━━━ Record excerpts
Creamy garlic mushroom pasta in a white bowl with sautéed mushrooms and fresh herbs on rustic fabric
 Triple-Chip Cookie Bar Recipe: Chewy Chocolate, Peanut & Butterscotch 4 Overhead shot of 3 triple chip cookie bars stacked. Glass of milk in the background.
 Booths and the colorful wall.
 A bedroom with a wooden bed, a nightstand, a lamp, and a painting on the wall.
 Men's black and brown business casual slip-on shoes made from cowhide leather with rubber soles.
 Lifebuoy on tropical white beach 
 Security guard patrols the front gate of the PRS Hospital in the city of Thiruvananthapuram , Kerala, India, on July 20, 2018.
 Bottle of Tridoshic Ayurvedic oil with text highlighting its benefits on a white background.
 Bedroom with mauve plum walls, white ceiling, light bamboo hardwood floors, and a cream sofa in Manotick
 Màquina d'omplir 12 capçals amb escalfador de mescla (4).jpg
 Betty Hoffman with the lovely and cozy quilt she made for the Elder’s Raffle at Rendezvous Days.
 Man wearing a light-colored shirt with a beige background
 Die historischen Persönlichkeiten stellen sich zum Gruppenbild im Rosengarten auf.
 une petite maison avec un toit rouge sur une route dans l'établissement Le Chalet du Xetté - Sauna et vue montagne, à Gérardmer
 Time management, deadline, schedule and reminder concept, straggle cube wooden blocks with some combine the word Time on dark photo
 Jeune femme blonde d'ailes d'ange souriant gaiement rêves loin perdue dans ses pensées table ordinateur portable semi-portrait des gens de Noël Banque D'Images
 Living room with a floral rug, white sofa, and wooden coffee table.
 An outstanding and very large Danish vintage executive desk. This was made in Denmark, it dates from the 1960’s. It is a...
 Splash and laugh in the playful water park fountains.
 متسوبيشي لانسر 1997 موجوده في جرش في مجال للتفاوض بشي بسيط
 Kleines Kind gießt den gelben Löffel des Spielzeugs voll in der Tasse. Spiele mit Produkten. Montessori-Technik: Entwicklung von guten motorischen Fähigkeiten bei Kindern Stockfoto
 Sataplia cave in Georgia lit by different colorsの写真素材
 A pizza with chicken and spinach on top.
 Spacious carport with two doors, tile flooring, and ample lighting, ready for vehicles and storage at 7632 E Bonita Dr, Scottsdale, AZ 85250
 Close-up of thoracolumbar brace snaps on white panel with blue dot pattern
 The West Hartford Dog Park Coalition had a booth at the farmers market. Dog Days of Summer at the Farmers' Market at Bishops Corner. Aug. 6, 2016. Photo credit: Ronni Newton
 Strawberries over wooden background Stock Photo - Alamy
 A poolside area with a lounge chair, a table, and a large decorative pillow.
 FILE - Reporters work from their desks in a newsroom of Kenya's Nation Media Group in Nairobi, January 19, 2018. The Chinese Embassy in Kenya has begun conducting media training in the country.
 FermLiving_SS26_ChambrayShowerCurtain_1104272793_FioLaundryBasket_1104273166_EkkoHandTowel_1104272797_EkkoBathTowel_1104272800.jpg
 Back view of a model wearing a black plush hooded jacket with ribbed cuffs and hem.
━━━━━━
Extract every line above containing the word "white".

Creamy garlic mushroom pasta in a white bowl with sautéed mushrooms and fresh herbs on rustic fabric
 Lifebuoy on tropical white beach 
 Bottle of Tridoshic Ayurvedic oil with text highlighting its benefits on a white background.
 Bedroom with mauve plum walls, white ceiling, light bamboo hardwood floors, and a cream sofa in Manotick
 Living room with a floral rug, white sofa, and wooden coffee table.
 Close-up of thoracolumbar brace snaps on white panel with blue dot pattern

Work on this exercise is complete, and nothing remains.